I found asymptotic lower and upper bounds for a summation as follows:
$$ 1 - O\left(\frac{\log_2^2 n}{n}\right) \le \sum_{k=1}^n f(k) \le 1 + O\left(\frac{1}{n}\right).$$
If you want to write it in a closed form, how would you write it? Can you say: $\sum_{k=1}^n f(k) = 1 + O\left(\frac{1}{n}\right)$?
Thank you.
I think there is some ambiguity in your formulation.
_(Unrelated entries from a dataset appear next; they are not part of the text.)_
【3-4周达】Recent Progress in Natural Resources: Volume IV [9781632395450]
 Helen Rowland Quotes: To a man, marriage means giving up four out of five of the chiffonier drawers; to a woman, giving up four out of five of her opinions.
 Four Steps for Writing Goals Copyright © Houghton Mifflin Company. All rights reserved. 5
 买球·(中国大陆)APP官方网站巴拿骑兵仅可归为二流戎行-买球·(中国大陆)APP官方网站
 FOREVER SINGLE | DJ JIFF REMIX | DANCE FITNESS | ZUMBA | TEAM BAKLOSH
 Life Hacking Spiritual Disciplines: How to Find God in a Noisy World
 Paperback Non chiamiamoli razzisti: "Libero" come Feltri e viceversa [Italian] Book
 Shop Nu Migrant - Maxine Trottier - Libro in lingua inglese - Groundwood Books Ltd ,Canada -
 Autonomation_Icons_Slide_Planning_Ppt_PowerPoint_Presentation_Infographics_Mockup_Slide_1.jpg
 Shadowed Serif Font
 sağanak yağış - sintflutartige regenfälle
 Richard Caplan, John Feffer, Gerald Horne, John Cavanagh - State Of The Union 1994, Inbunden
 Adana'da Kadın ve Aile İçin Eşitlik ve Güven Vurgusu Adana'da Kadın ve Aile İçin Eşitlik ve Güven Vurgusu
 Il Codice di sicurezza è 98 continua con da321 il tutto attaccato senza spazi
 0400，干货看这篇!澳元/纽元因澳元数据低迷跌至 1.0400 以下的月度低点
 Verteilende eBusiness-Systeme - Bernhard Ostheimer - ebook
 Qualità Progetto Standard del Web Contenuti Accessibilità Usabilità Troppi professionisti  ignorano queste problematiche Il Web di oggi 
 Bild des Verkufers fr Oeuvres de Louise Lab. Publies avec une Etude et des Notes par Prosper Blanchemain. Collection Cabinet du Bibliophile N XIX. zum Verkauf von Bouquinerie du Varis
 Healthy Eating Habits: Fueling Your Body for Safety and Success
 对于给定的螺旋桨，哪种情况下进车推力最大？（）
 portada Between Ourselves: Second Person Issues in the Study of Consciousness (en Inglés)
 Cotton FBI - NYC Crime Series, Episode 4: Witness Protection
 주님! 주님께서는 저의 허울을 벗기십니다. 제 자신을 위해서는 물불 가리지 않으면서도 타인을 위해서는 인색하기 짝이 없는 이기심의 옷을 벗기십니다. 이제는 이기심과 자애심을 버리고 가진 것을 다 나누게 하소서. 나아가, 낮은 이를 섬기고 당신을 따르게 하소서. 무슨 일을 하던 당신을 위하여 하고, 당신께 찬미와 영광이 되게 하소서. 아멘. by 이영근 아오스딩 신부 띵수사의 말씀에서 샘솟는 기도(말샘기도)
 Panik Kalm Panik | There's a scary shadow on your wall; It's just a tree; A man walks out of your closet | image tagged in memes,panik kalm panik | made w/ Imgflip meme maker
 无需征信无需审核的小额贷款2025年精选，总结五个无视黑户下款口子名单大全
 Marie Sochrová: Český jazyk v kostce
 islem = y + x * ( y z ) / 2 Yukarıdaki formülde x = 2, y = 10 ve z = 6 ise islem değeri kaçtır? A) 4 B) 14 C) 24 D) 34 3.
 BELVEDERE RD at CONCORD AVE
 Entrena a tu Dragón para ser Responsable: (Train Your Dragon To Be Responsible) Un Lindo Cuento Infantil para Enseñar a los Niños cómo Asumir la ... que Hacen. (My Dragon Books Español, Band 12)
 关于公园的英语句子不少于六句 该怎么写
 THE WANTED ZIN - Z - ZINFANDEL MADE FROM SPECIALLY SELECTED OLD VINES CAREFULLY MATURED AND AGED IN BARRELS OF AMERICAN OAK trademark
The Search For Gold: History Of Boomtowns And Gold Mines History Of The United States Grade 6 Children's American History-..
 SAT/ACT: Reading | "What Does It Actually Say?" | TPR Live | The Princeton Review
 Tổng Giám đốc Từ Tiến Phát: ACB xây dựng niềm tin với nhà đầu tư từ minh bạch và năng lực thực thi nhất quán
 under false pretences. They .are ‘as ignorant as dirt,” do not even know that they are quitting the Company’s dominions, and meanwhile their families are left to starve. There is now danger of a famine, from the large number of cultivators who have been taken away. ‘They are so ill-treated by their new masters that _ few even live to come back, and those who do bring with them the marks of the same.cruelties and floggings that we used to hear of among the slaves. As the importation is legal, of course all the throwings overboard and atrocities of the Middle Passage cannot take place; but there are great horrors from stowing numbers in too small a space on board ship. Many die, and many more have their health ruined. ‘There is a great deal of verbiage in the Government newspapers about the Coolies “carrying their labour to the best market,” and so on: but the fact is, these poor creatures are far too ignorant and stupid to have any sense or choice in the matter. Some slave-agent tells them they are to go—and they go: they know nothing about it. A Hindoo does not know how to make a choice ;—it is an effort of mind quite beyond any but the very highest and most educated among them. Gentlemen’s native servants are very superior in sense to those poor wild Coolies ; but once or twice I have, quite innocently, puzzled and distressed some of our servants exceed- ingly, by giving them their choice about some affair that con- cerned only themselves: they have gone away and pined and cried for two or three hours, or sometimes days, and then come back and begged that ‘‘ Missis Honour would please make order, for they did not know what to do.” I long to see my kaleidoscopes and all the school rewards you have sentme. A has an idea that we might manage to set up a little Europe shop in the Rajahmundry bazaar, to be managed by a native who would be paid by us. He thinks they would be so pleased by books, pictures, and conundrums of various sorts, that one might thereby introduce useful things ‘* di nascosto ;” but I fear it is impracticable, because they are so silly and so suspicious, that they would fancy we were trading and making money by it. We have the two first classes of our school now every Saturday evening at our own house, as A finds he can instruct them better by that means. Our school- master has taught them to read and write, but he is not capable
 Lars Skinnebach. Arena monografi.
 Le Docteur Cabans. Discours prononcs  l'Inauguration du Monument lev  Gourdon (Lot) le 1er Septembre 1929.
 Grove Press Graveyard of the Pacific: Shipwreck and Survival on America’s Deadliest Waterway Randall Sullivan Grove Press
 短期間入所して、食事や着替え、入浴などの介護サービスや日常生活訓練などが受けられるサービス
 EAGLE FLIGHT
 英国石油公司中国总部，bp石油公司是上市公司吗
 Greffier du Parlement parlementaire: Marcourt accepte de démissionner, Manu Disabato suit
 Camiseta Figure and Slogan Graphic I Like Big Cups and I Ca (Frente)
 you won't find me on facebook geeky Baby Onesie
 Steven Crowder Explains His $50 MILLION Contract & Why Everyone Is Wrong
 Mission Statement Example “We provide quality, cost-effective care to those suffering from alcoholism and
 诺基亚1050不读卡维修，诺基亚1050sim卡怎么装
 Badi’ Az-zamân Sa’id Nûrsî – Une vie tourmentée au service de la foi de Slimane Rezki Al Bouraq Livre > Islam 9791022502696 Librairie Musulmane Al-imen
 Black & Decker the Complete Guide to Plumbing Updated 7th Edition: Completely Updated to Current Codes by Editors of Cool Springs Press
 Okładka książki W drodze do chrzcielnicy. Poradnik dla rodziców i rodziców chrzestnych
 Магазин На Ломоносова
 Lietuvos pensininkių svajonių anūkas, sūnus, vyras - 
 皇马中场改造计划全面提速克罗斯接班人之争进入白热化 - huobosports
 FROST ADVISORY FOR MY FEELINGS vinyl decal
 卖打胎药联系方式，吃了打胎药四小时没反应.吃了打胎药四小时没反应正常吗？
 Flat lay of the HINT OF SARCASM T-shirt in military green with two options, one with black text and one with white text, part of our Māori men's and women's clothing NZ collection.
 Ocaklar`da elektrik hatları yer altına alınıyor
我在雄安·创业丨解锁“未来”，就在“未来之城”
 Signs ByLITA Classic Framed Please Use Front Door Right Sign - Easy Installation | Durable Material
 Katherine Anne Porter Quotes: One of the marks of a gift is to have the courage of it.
If, for appropriate $f$, as $N \rightarrow +\infty$, we have $$ \sum_{n=n_0}^{N} f(n) = 1 + O\left(\frac{1}{N}\right) \tag1$$ then $$ \sum_{n=n_0}^{N} f(n) = 1 + O\left(\frac{\log_2^2 N}{N}\right) \tag2$$ that's what can be said in general.
The converse implication: $(1) \Leftarrow (2)$ is false.
A counter-example: We have $$ \frac{\log_2 N}{N}=O\left(\frac{\log_2^2 N}{N}\right) $$ but $$ \log_2 N = \frac{\frac{\log_2 N}{N}}{\frac{1}{N}} \longrightarrow +\infty $$ and $$ \frac{\log_2 N}{N}\neq O \left(\frac{1}{N}\right) $$ as $N \rightarrow +\infty$.